**ASSIGNMENT**. Under this line are the records; repeat exactly the lines starting at the one containing "TheraBreath Mandarin Mint" and ending at the one containing "Tiger Rice cooker", omitting pictures.

**INFORMATION SUPPLIED**.
_____

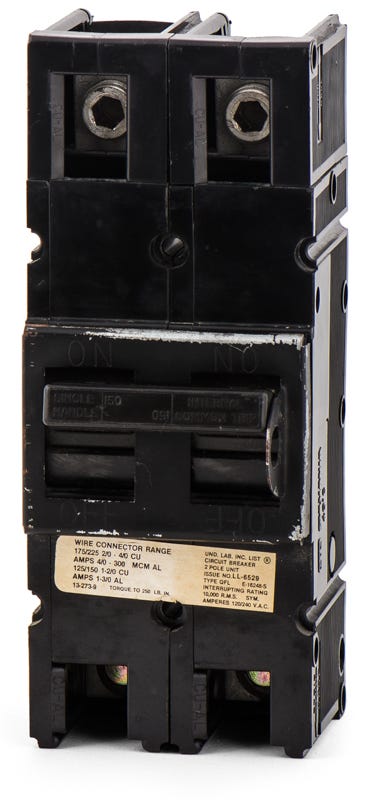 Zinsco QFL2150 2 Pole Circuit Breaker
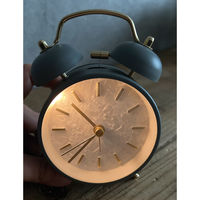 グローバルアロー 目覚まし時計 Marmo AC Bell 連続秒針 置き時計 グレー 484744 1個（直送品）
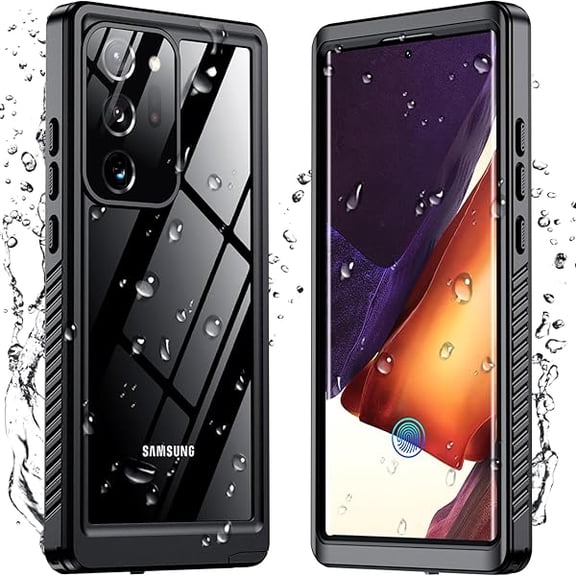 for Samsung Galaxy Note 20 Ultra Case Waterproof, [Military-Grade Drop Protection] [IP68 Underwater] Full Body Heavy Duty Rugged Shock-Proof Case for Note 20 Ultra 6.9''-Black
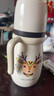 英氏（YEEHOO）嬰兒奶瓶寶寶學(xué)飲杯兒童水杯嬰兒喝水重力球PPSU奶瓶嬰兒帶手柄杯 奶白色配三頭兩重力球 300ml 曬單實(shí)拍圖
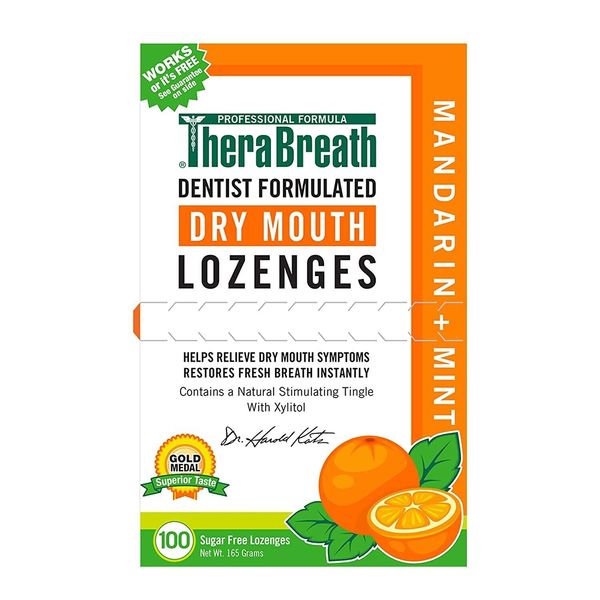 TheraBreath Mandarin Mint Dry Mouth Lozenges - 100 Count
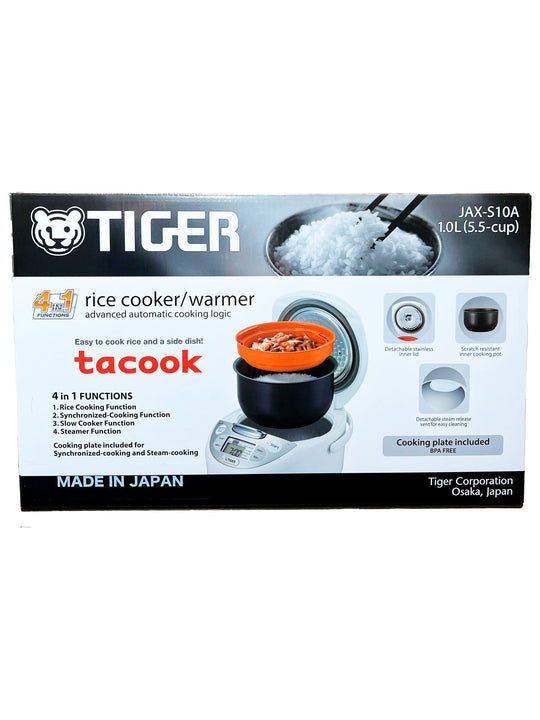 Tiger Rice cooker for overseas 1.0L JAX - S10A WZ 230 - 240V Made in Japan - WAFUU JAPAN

_____

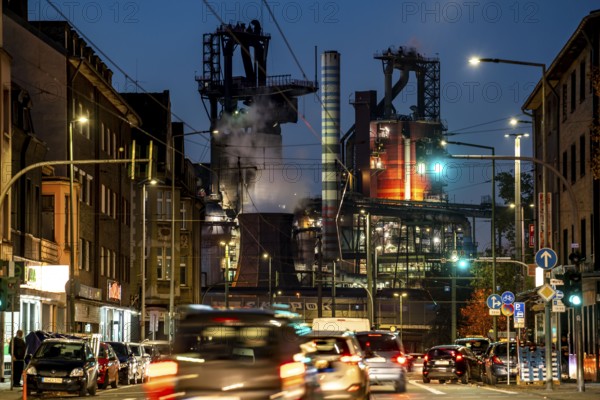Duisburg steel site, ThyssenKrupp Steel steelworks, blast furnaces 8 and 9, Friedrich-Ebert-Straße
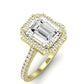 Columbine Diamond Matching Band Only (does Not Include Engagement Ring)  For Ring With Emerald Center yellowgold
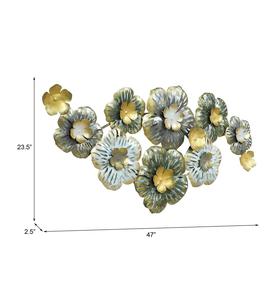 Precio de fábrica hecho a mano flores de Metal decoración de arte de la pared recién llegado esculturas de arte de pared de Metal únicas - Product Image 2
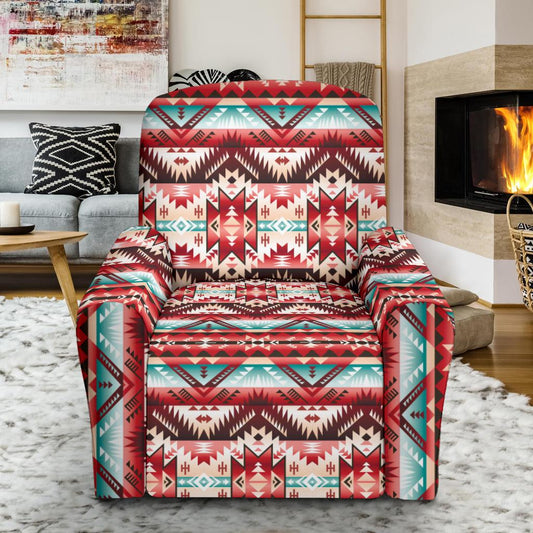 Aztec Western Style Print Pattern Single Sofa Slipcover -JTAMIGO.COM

_____

**ANSWER TO THIS EXERCISE**.
 TheraBreath Mandarin Mint Dry Mouth Lozenges - 100 Count
 Tiger Rice cooker for overseas 1.0L JAX - S10A WZ 230 - 240V Made in Japan - WAFUU JAPAN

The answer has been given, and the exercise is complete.